One of these two ladies was a vet, and she got very excited when she saw the bear poop.

I have never experienced anybody under the age of 80 being quite so thrilled about poop.

I mean, she just got right down in there and POKED at the poop. With a stick. But still. She was about a foot away from the poop, and was avidly discussing its various properties, while Joanie and I kept moving away, slowly, and smiling so that she wouldn’t quite grasp how freaked out we were. Luckily for us, the bear scat was full of plant matter, meaning the bear was less likely to attack us while we stood analyzing its poo.

At any rate, we got in a good thirteen hours of Walking In Nature and decided to call it a day. After some relaxing at the campsite, we went ahead and turned in once it grew dark. And that’s when the day’s fun really began.

The previous night, we had been sharing the campsite with a few retirees who went to bed before we did. Or at least, they went into their $500,000 RVs and watched satellite TV from the comfort of their baby-seal-leather couches. Thus swaddled in the desert silence, we immediately passed out.

This time around, though, spring break had begun.

And there were college kids.

Now, I don’t dislike college kids. I do. But I dislike loud people. Particularly people who are loud while I’m trying to sleep.

As we were crunched up within our fetal-sized tent, we heard some kids talking and laughing – not too loudly, but just loudly enough. Worse, some of them had apparently found a radio station that was playing conjunto music and found it greatly amusing. Joanie and I shared a grumble, and then I passed out.

I was awakened five hours later by the sound of my wife muttering to herself while searching for her shoes. Why did she need her shoes, you ask? Because she had to pee. Why did she have to pee? Well, in the last five hours, she had had occasion to drink four bottles of water. Why on earth had she been awake that long?

Because the music had not stopped.

First Rule of Marriage: if she isn’t happy, you are not happy. With that in mind, I grabbed my shoes and went to politely beat some kids in the head with a stick until they reasonably agreed to turn the [expletive deleted] music off.

As I approached the campsite from whence the maddeningly cheerful music was emanating, I noticed that they were not terribly festive. In fact, the two 20-year-old girls in question bore a remarkable resemblance to my wife at this point in the evening: muttering to themselves, slightly jerky movements, and all the basic visual cues that inform one to tread with care.
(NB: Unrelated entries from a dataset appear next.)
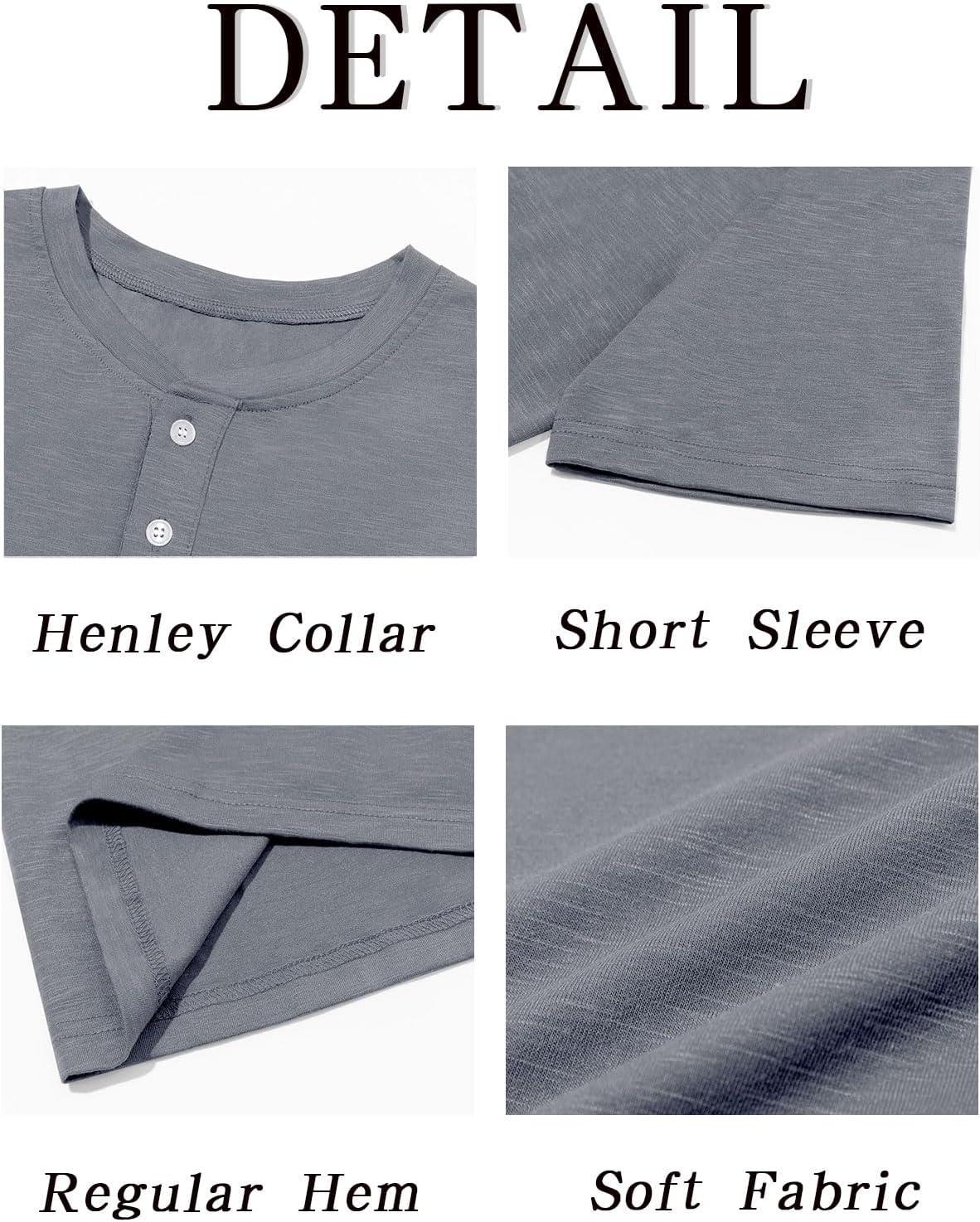 imageRuncati Mens Henley Shirt Short Sleeve Casual Button Basic Tees Slim Fit Stretch Summer T ShirtsDark Grey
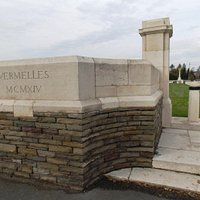 Vermelles British Cemetery : Front Entrance Gate (lhs) on the Rue Florent Evrard
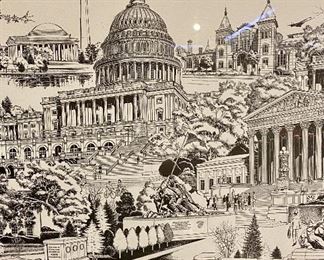 Lot 5142.$100.00.  Vintage Framed Art by George Becker Washington, DC Montage, Hand Signed 1985.  30" W  x 21" H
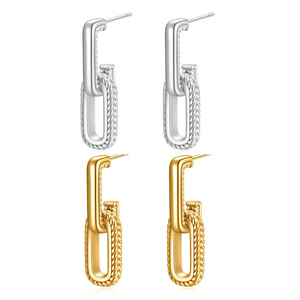 Geometric <b>Stud</b> Earrings 10Mm Stainless Steel Fashion Jewelry For Women <b>Silver</b> Gold Color - Product Image 1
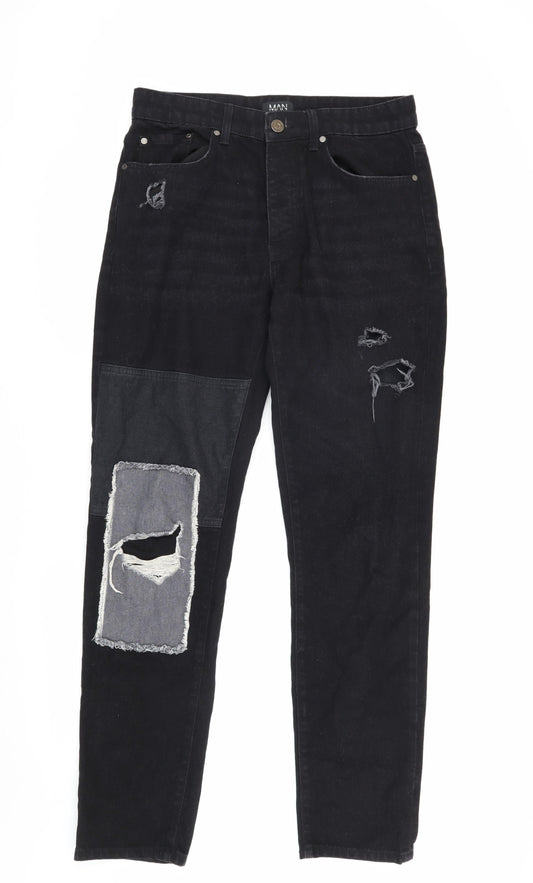 Boohoo Men's Black Denim Jeans Size 32 Distressed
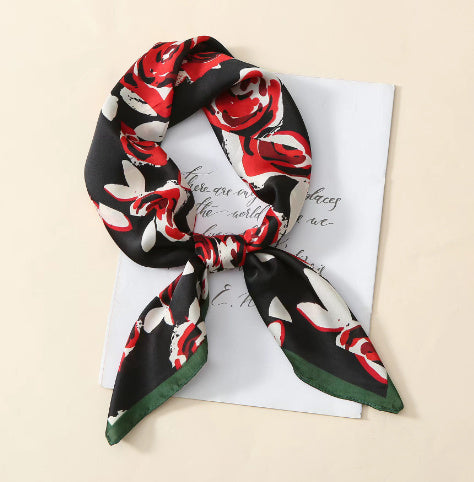 Black And White Floral Scarf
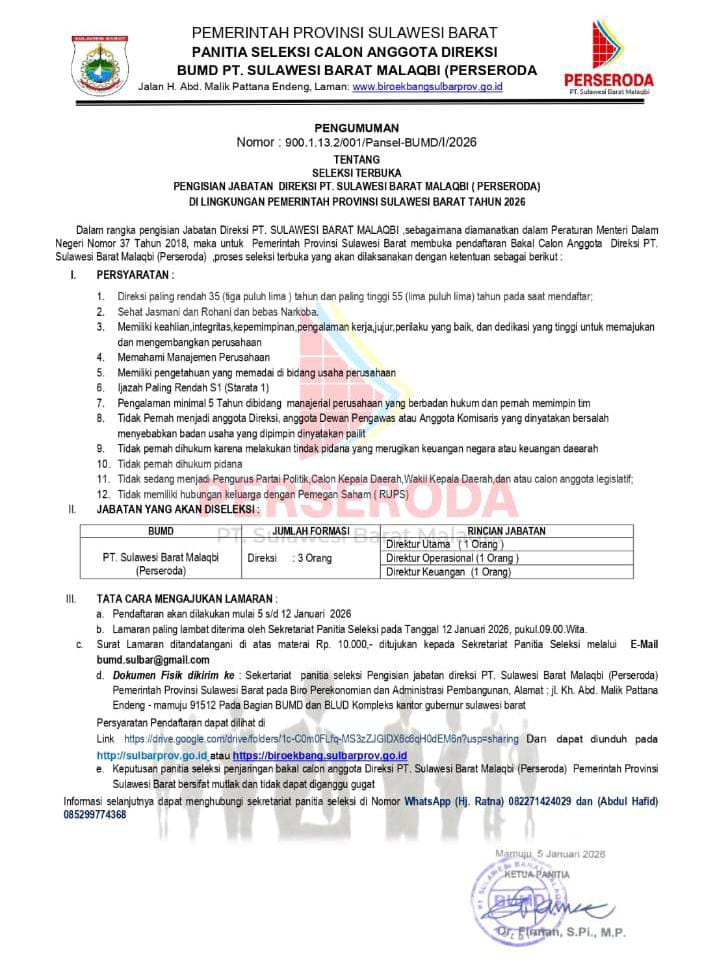 Pemprov Sulbar Buka Seleksi Terbuka Calon Anggota Direksi PT Sulawesi Barat Malaqbi (Perseroda) Tahun 2026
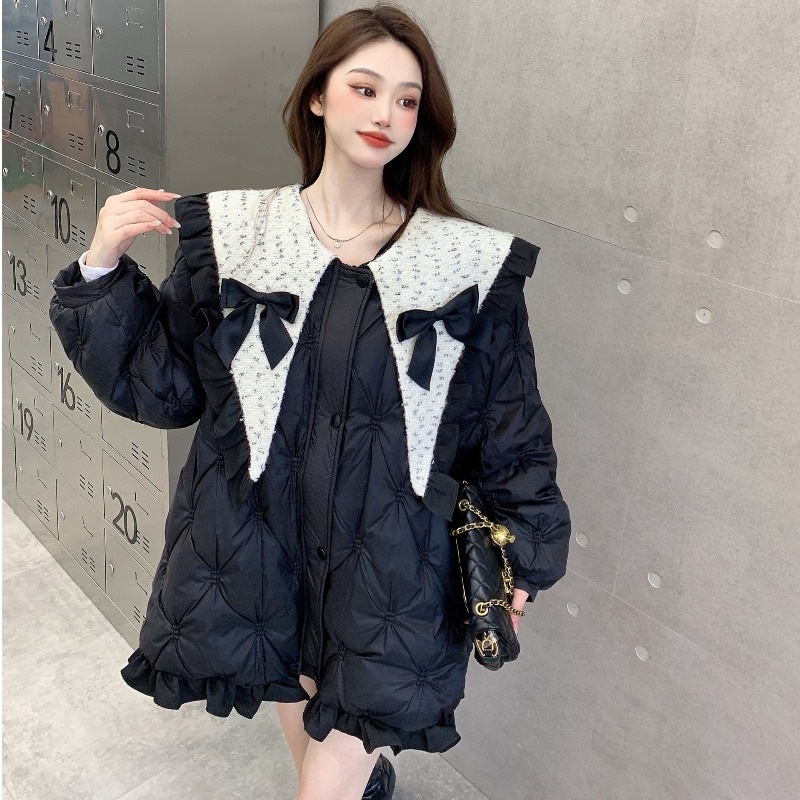 ツイード襟ダウンジャケット BIGカラー ダウンジャケット ダウンコート フリル リボン ドール アウター ジャケット コート レディース ２カラー D390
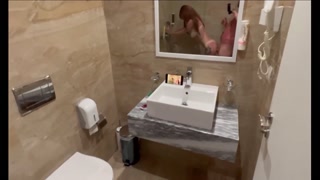 BIG Soapy Boobs Got Squeeze and Rough Shower Sex in Hotel Bathroom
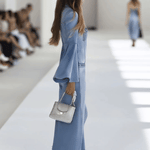 Casual Retro Light Blue Denim Flared Long-Sleeved Wide-Leg Raw Edge Jumpsuit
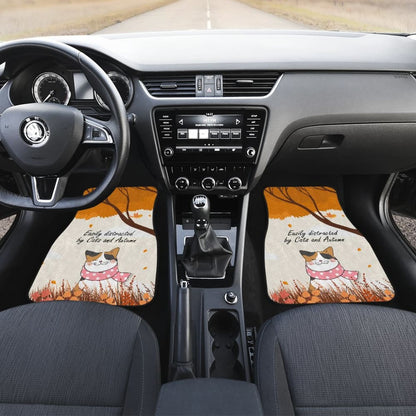 Easily Distracted By Cats And Autumn Car Accessories Gift Ideas Car Floor Mats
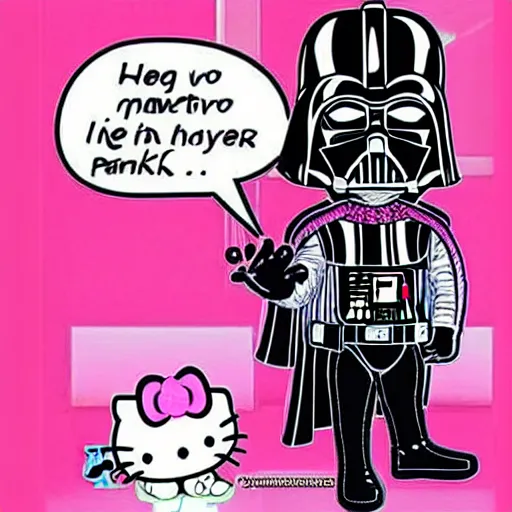 Image similar to darth vader in pink, hello kitty outfit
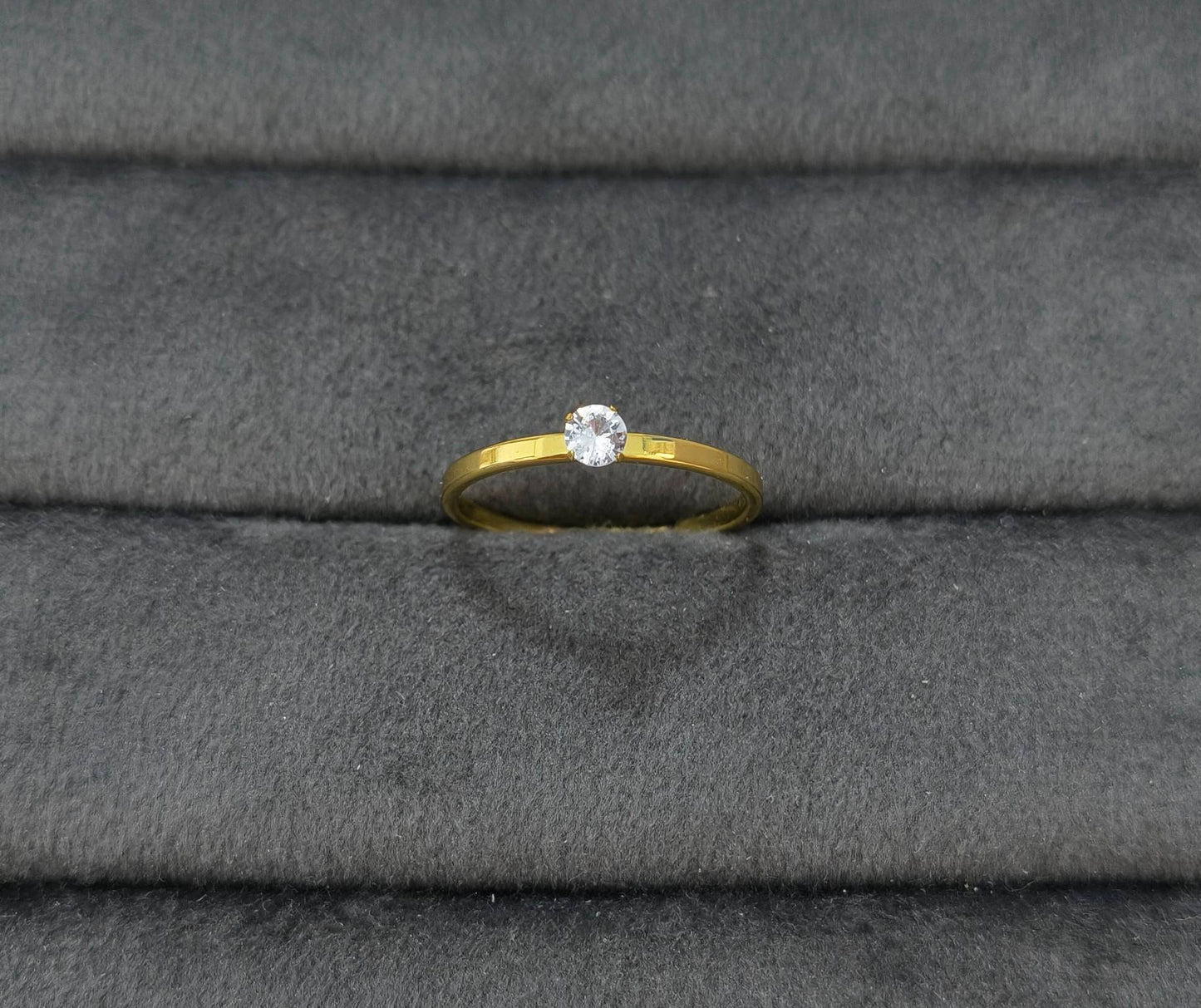 Anti Tarnish Promise Solitaire Ring Adjustable 18K Gold Plated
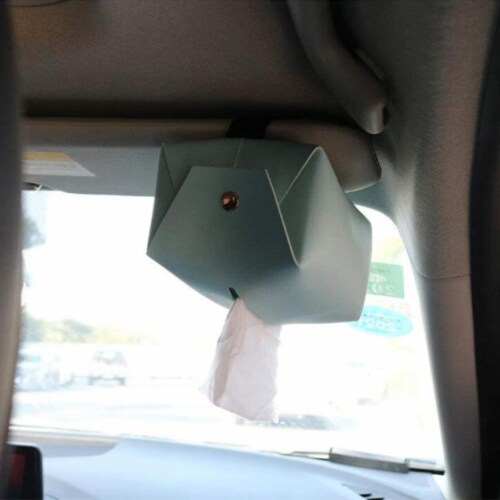 Blue Polyurethane Leather Tissue Box Cover Perspective: top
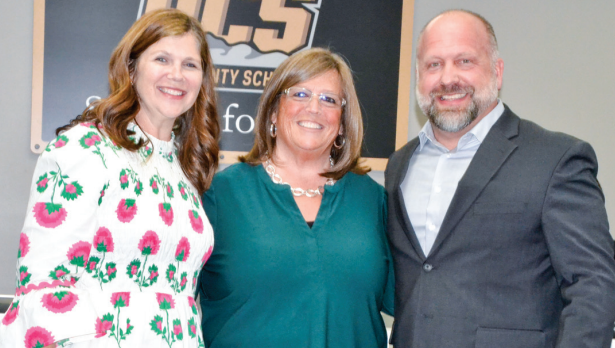 New UCMS Assistant Principal Kelly Helton with retiring UCMS Principal Tammy Hughes and new UCMS Principal Casey Jones in the March School Board meeting.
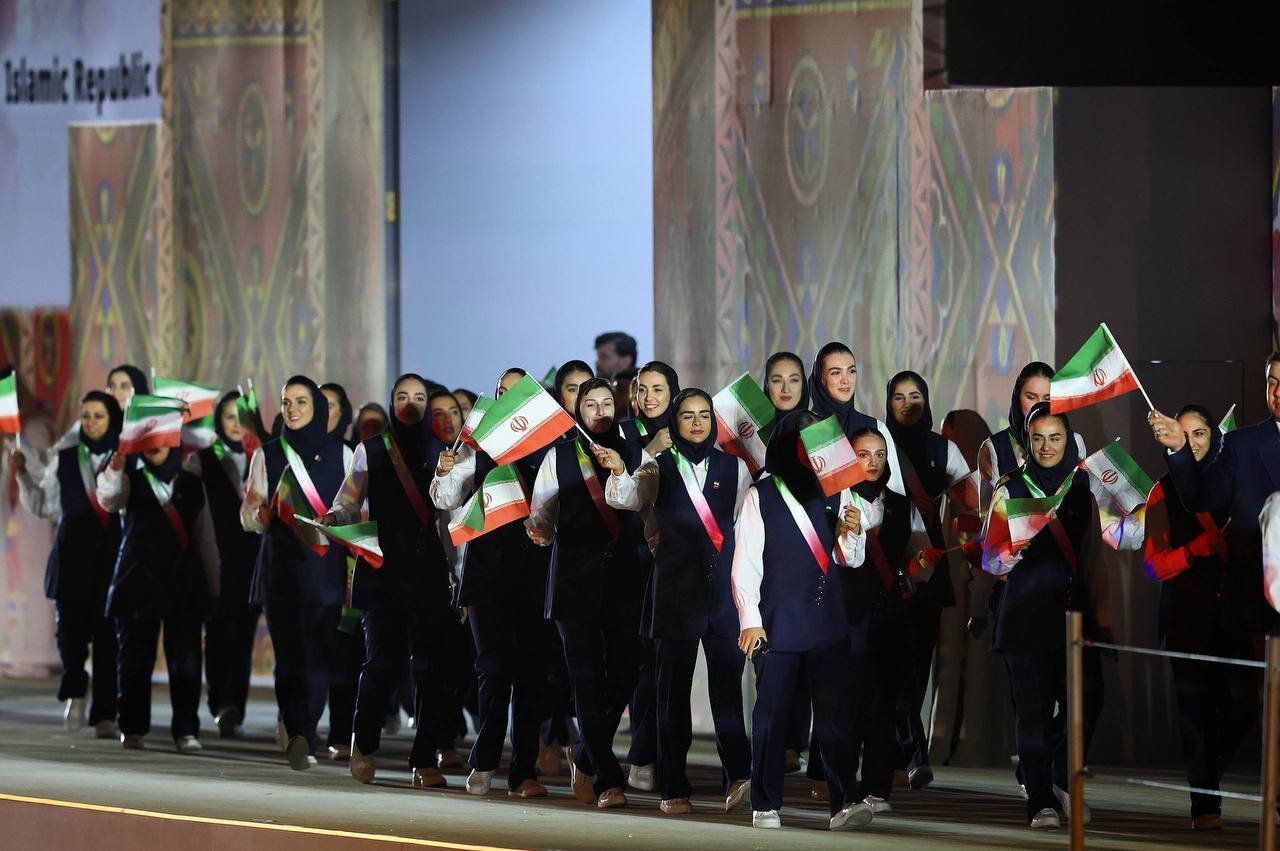 تصاویری از رژه کاروان ایران در افتتاحیه بازی‌های کشورهای اسلامی در ریاض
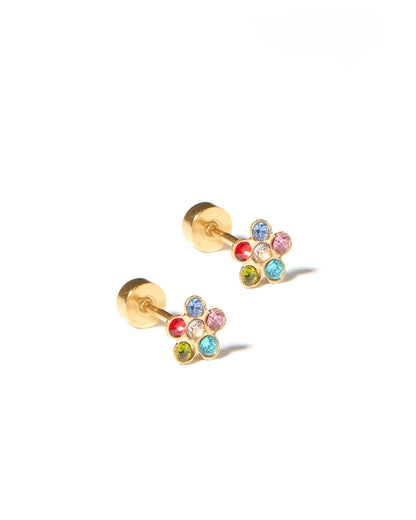 Screwback Stud | Lyla | Multicolor Crystal Flower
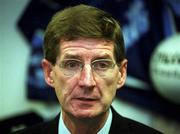 6 November 2001; John Bailey, Chairman of the Dublin County Board, pictured during a Dublin football press conference at Parnell Park in Dublin. Photo by Aofie Rice/Sportsfile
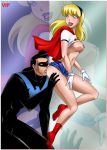  1boy 1girl batman_(series) bbmbbf big_breasts blonde_hair blue_skirt breasts cape dc dc_comics dcau dick_grayson gloves justice_league justice_league_unlimited kara_danvers kara_zor-el male/female mask nightwing no_bra palcomix_vip partially_clothed rimming sideboob skirt skirt_lift supergirl superman:_the_animated_series superman_(series) 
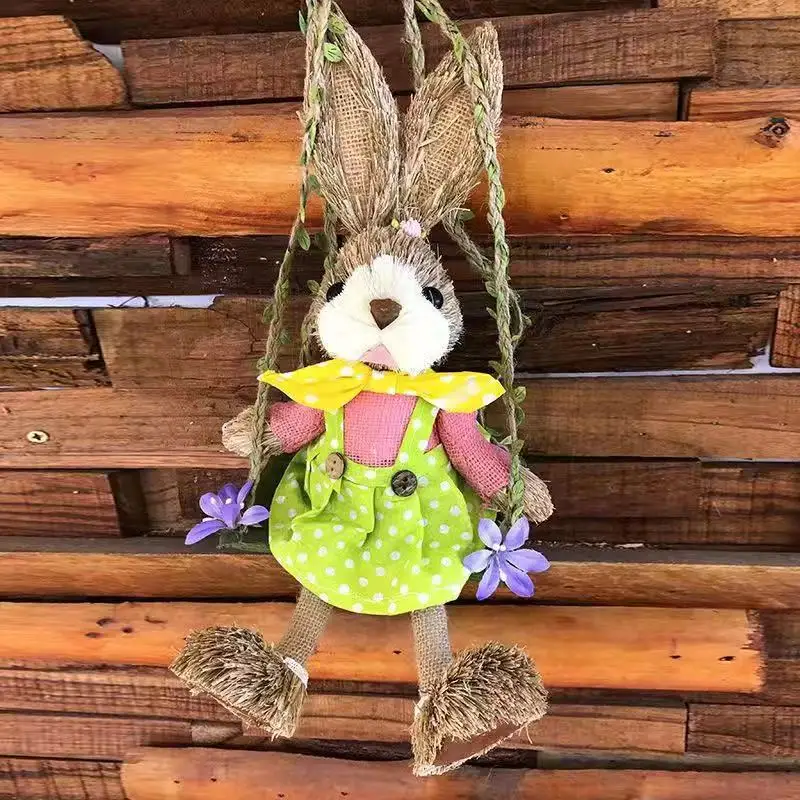 Sisal Straw Bunny Rabbit Figurines Easter Spring Holiday Decor Pair Straw  Bunny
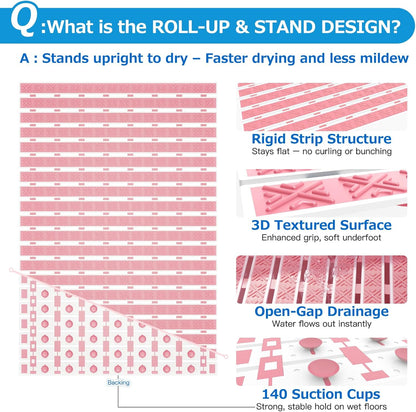 Non Slip Rubber Bathtub & Shower Mat - Fast Drain & Upright Drying Design, Strong Suction Cups, Structured Textured Surface, Low-Maintenance Bathroom Safety Mat, 27 x 16 Inch, Pink, Matace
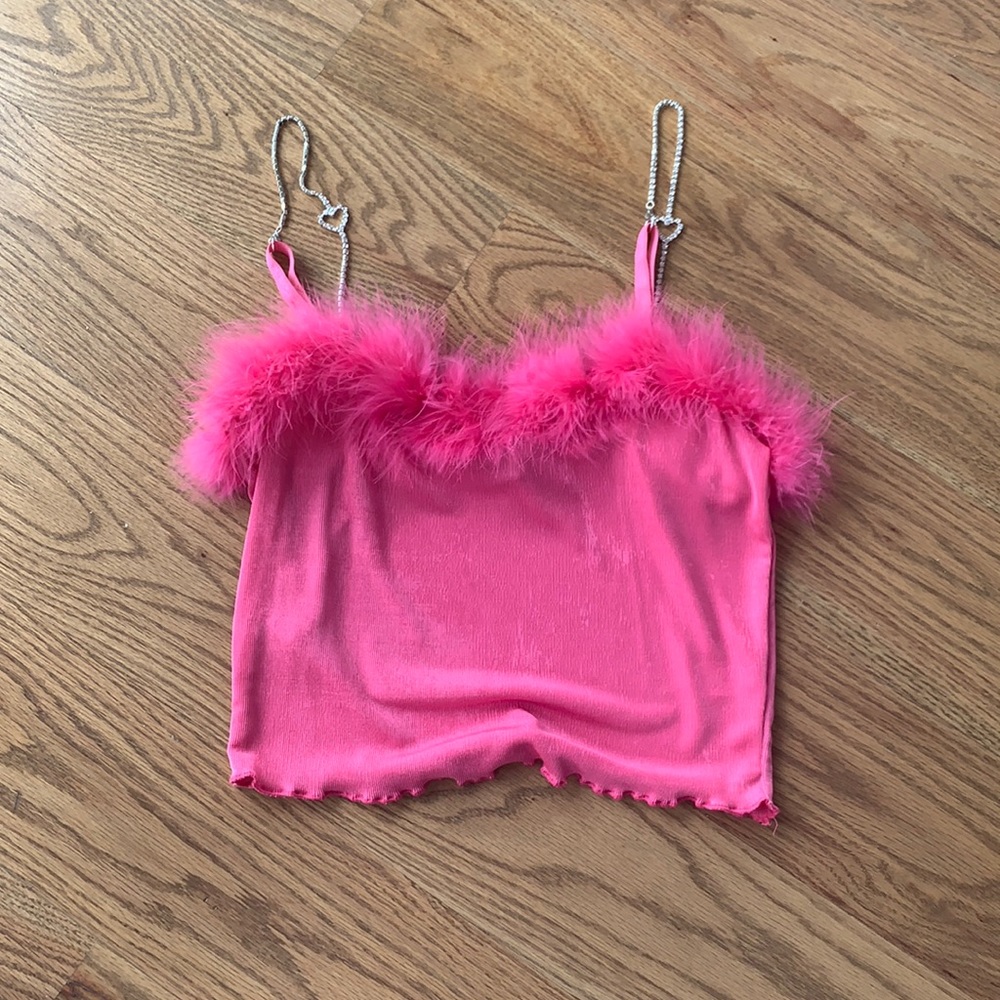 hot pink fuzzy jewel strap tank top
The stentorian challenge I had prepared seemed inappropriate. So I eased up on my approach.

“Evening, ladies… I, um, I wanted to ask about the music… but… uh…” They stopped and glared at me. “It’s not coming from you, is it.”

One of them, her eyes alight with hatred, informed me curtly that, no, in fact, it was not coming from them. It was coming from THEM – and with the last pronoun, she pointed in grandiose gesture across the Rio Grande.

Oh yes.

The robust polka that was keeping an entire collection of grumpy Americans awake was not, in fact, coming from a radio.

It was coming from Boquillas del Carmen.

The citizens of this tiny village, about two miles from our location, were apparently celebrating another week of being alive with a rousing fiesta. I apologized to the two ladies, who graciously didn’t kill me, and went back to inform Joanie that, far from being annoyed by somebody’s inconsiderately loud musical entertainment, we were in fact Deeply Enjoying a Cultural Experience from Outside Our Normal Boundaries.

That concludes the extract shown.